The stability in prices of basic commodities in the past six months, as a direct result of the final steps in the Government’s stability programmes, will bring back the cheer to consumers this festive season as they can now plan on what to buy and when, and can even save up for larger expenditures.
Under the Second Republic, starting with tight budgeting and refusal to print any more money, continuing with effective monetary policy reforms, built on exports exceeding imports for the first time in decades, and using this underlying macro-economic stability to allow market forces to set a very stable exchange rate with speculators cut out of the system, the bugbears of hyperinflation and profiteering had finally been tamed.
Ramping up of local production, with essential imported inputs now easy for industrialists to source through the auctions, has allowed suppliers to tell retailers that their orders will be honoured, so price gouging by exploiting shortages is impossible.

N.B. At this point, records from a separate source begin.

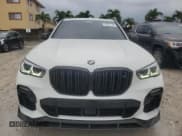 ✅ 2021 BMW X5 M50i • VIN: 5UXJU4C08M9H35372 • Lot: 60961785. Wystawiony na Copart z przebiegiem 53 210 mil. Bezpłatny archiwum sprzedaży aukcyjnych z USA i szczegółowy raport historii pojazdu na DreamBid. Zdjęcie 5.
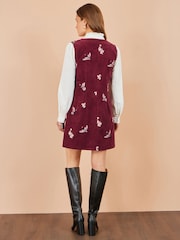 Rød - Yumi Crane Brodert Pinafore-kjole - Bilde 4 av 4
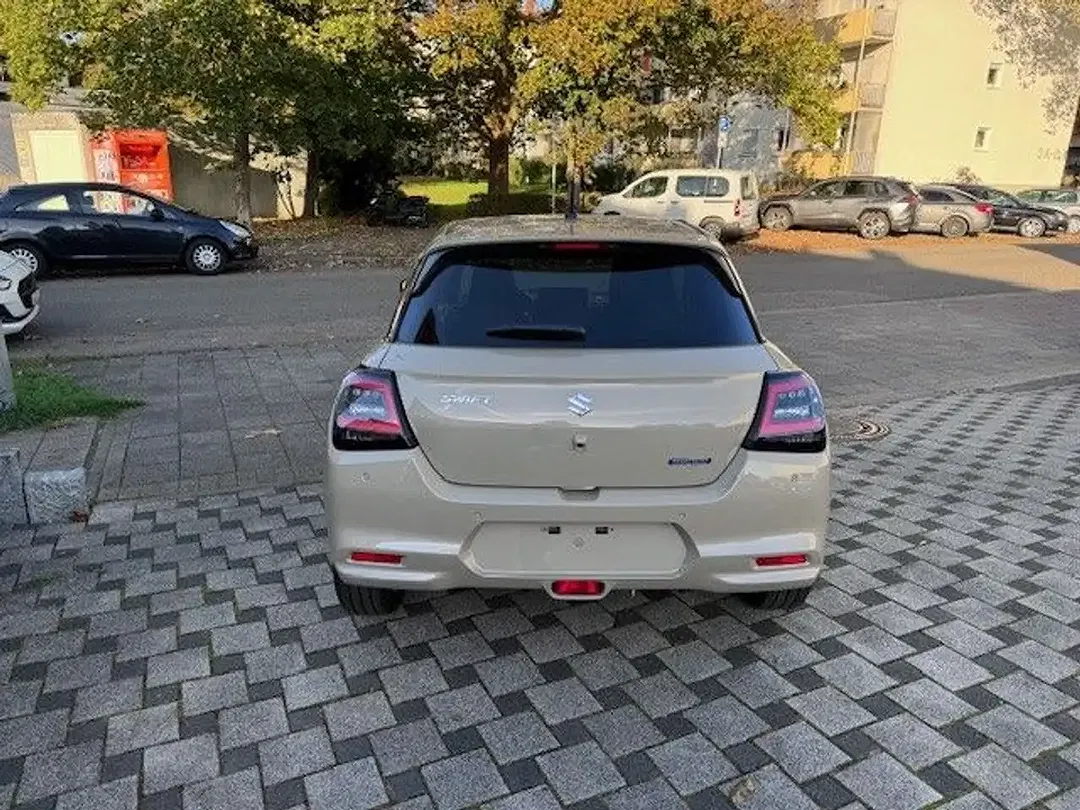Suzuki Swift Hybrid 1.2 Dualjet Comfort - Thumbnail 6
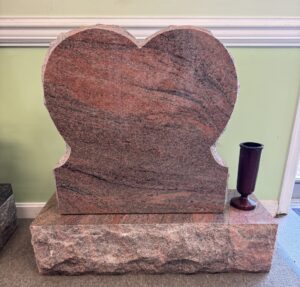 RED MULTI HEART MONUMENT SINGLE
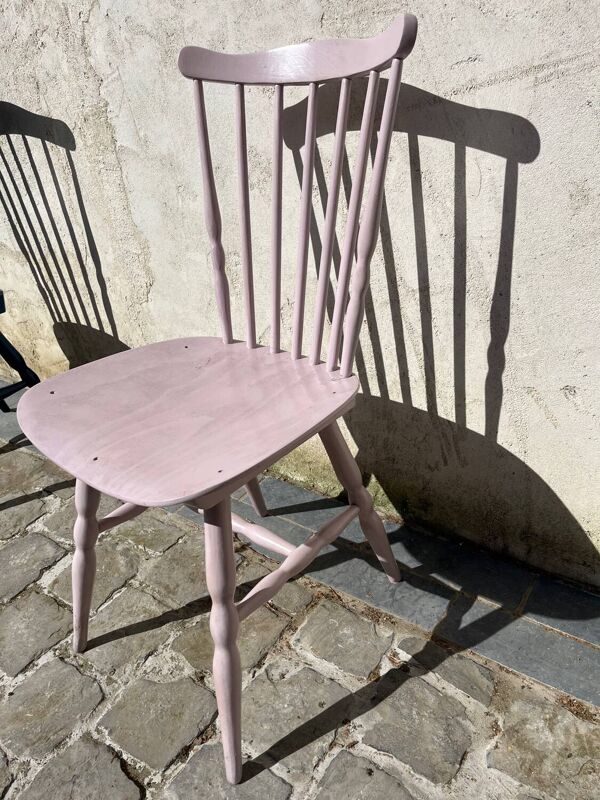 Chaise Baumann rose pâle
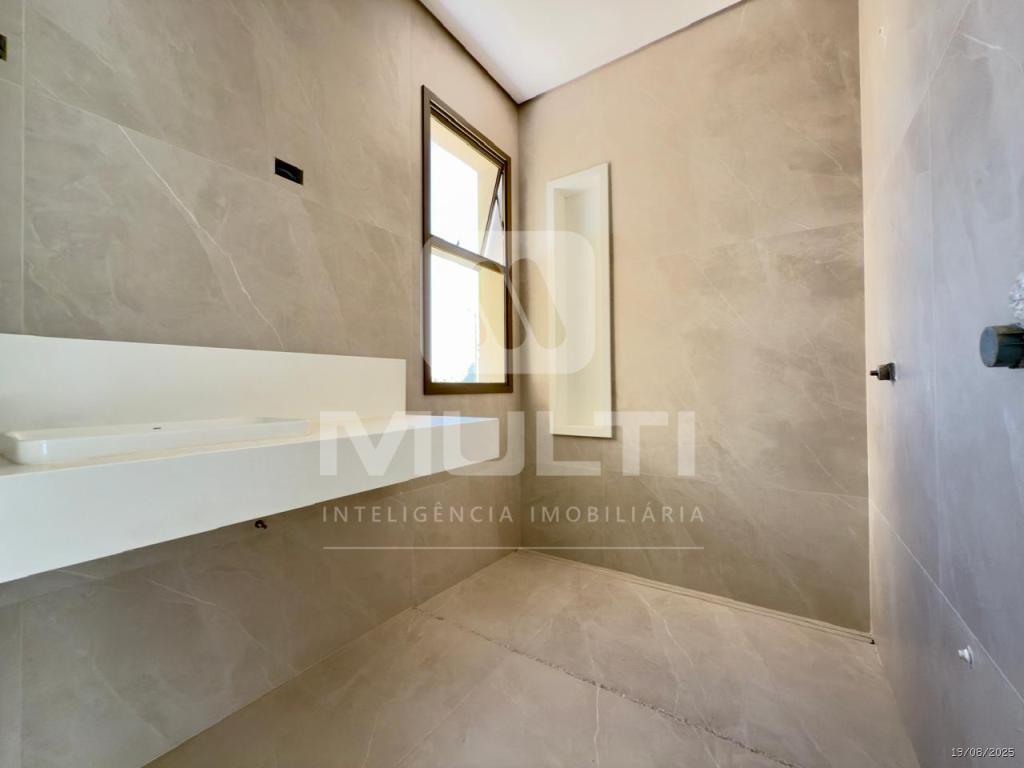 Casa de Condomínio à venda com 4 quartos, 465m² - Foto 18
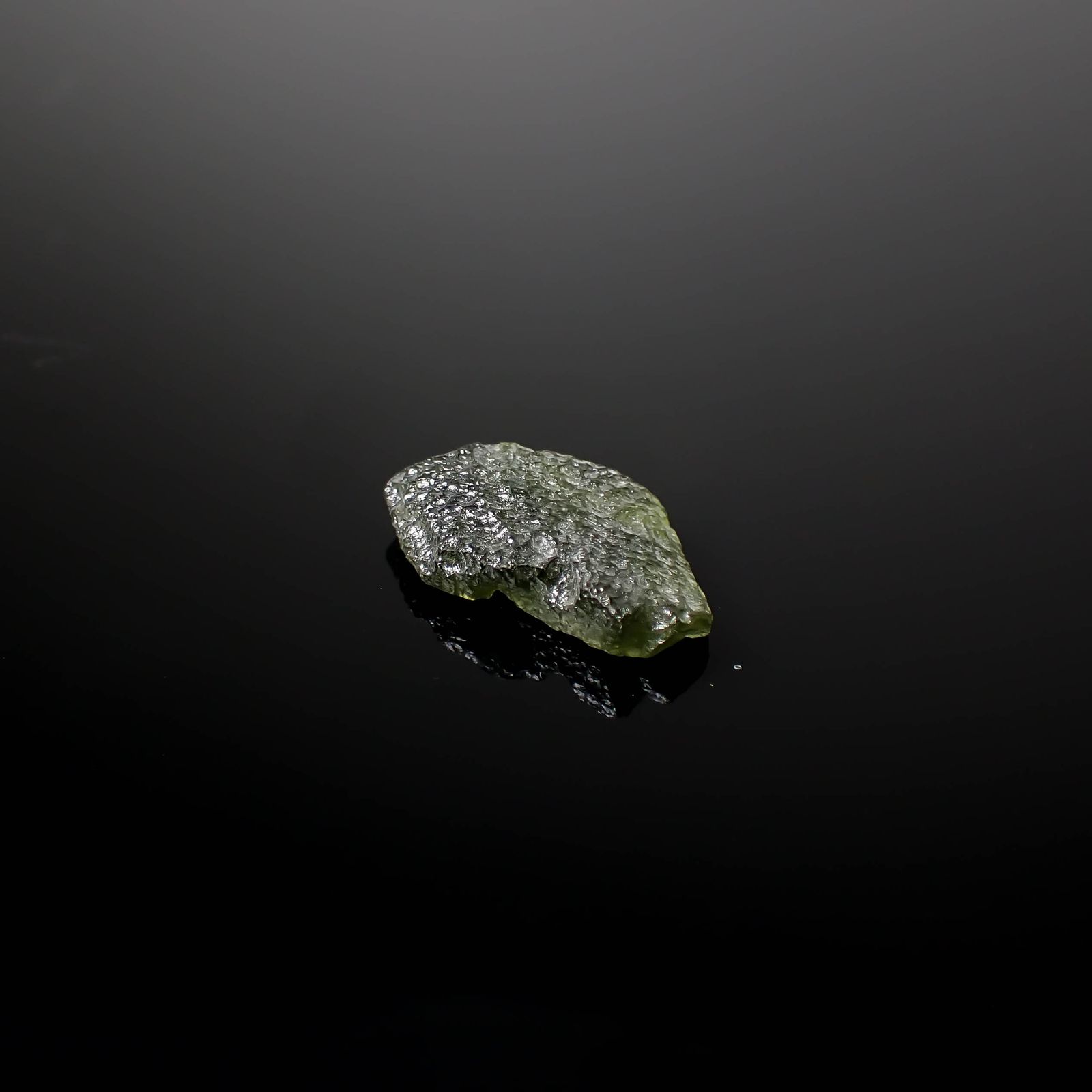 モルダバイト 原石 発見地：旧チェコスロバキア 7.27ct / 15.6x19.1mm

Consumers and retail organisations that spoke to The Herald early this week said stability of exchange rates and the resulting very low monthly inflation rates will ensure a different festive season from what the country has experienced in the past few years.
Some consumers said the introduction of the auction system has brought stability to the prices of basic commodities and had stopped dead the decline in purchasing power of the local currency.

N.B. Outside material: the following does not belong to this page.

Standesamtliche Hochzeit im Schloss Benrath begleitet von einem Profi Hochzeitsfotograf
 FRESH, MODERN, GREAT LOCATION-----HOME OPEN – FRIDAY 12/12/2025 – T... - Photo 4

Mrs Omega Mupandenyama said the price stability had made planning easier ahead of the festive season.
“Since the introduction of the auction system the prices of basic commodities are stable; there are no price distortions. I have a receipt for the goods I bought last month and I compared it with the one for the goods I have just paid for, the difference is very small. This has made it easier to plan for our Christmas shopping,” said Mrs Mupandenyama.
Mrs Sekai Tizora echoed similar sentiments, saying this year’s festive season would be different from last year’s.

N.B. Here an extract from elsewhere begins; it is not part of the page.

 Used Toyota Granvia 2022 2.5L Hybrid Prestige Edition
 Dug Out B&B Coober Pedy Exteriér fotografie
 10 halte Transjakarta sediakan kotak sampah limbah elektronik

“The past few months have been stable in terms of price increases although one or two shops are pegging their prices on the black market rates. However, things are looking different from the situation we had last year,” Mrs Tizora said.
Mr Farai Mutuma said some rogue retailers existed, but these could be stopped.
National Consumer Rights Association spokesperson, Mr Effie Ncube ,welcomed the prevailing stability of prices.
“In terms of stability of prices and availability of commodities, the situation has improved in the past five or so months although some commodities may still be expensive.
“The situation is however, better than what we have experienced in the past two or so years during the same period,” Mr Ncube said.
He said the Reserve Bank of Zimbabwe (RBZ), however, needs to address the availability of small denomination notes for those transacting in US dollars or rand.
Confederation of Zimbabwe Retailers Association (CZRA) president Mr Denford Mutashu said the prospects for a better festive season were high this year.
“As we speak we are already noticing an increase in spending patterns ahead of the festive season. As retailers we are well stocked with all the basic necessities and beverages and other non-essential commodities and we have been reassured by our suppliers and manufacturers of uninterrupted supply during the festive season,” he said.
Mr Mutashu said retailers were positive about the prospects for 2021 and called on industry to ramp up production to maintain the gains made this year.
Government introduced a number of measures that include the forex auction system in June, abolished mobile money agent lines and curbs on mobile money transactions that curtailed the black market and the free fall of the local currency against major currencies.
Since then prices of commodities have stabilised, allowing consumers to plan their expenditure.
Finance and Economic Development Minister Professor Mthuli Ncube recently said continued price and currency stability were central to the 2021 national budget since with stability, companies could plan with people being able to save.
“With stability, citizens can postpone consumption and they can save and invest because they will know that the value of their currency is being preserved,” said Prof Ncube.
Consumer Council of Zimbabwe executive director Ms Rosemary Siyachitema yesterday told The Herald that although there was stability it was not yet at a stage where consumers could celebrate.
“The stability and reduction of prices has been there, but it is not yet at a stage where we can celebrate. The reduction is not that much, but it is better though,” Ms Siyachitema said.